But Rep. David Meeks, R-Conway, said as long as people know the risks involved, they should be able to buy raw milk.

“I’m asking you today to vote for freedom,” he said.

As shout of “Freedom!” was heard from the House floor as members cast their ballots.

Primate registration

The Senate also passed HB 1391 by Rep. Warwick Sabin, D-Little Rock, which would require owners of primates to register their animals with the county sheriff’s office.

The bill aligns the state’s standards for caring for primates with those of the U.S. Department of Agriculture. It passed 35-0 and goes to the governor.

ATRS contribution rate

The House voted 58-22 to approve SB 162 by Sen. Eddie Cheatham, D-Crossett, which would allow the Arkansas Teacher Retirement System to raise the employer contribution rate from 14 percent to 15 percent if necessary to keep the system fiscally sound, but House Speaker Davy Carter, R-Cabot, ordered that the bill not be transmitted back to the Senate.

The House approved the bill after rejecting a motion by Rep. Duncan Baird, R-Lowell, co-chairman of the Joint Budget Committee, to refer the bill back to that committee. Baird said the bill as written could cost the state $23 million a year in general revenue and needed further study. Carter told reporters later he wanted to keep the bill in the House for now so questions about its fiscal impact could be answered.

Other House action

Other bills the House approved included:

—HB 1999 by Rep. Nate Bell, R-Mena, which would limit the number of special license plates available through the state Department of Finance and Administration to the number in effect on Jan. 1, 2014. It also would require DF&A to discontinue any plate currently in circulation if fewer than 500 are in use, but it would allow the people who have the discontinued plates to continue using them for up to 10 years. The bill passed 78-6 and goes to the Senate.

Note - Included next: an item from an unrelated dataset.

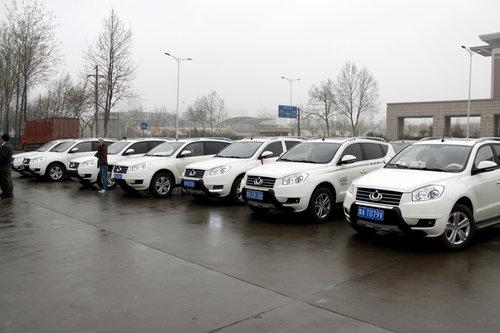 車隊集合 蓄勢待發(fā) 車隊集合 蓄勢待發(fā)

—HB 2039 by Rep. Andy Mayberry, R-Hensley, which would allow high schools across the state to take part, if they choose, in the College and Career Coaches Program, currently a pilot program that hires people to work with high school students to prepare them for college or careers. The bill passed 54-14 and goes to the Senate.

—HB 1761 by Rep. James Ratliff, D-Imboden, which would allow the Educational Excellence Trust Fund to be used to increase teachers’ pay for experience or advanced degrees. The bill passed 52-29 and goes to the Senate.

—SB 258 by Sen. David Sanders, R-Little Rock, which would require the state Parole Board to issue a warrant for the arrest of a parolee who has committed a violent or sexual felony while on parole. The bill passed 82-2 and goes to the governor.

—SB 260 by Sanders, which would require the state Department of Community Correction to prepare a report on the number of inmates under supervision for the last five years who would be considered repeat offenders under the definition of recidivism. It also would change that definition to include people who are re-arrested after release, regardless of whether they have been convicted. The bill passed 54-24 and goes to the Senate.

Polling places

Elsewhere Saturday, the Senate State Agencies and Governmental Affairs Committee endorsed an amended version of HB 1712 by Rep. Ken Bragg, which would prohibit anyone other than voters and authorized officials from being present in a polling place during voting. The bill originally included a ban on using an electronic device to take a photo of a ballot, but Bragg said he removed that language from the bill after concerns were raised that it might violate the First Amendment. The bill goes to the Senate.

The committee also endorsed HB 1855 by Rep. Matthew Shepherd, R-El Dorado, which would make prosecuting attorney elections nonpartisan. The bill goes to the Senate.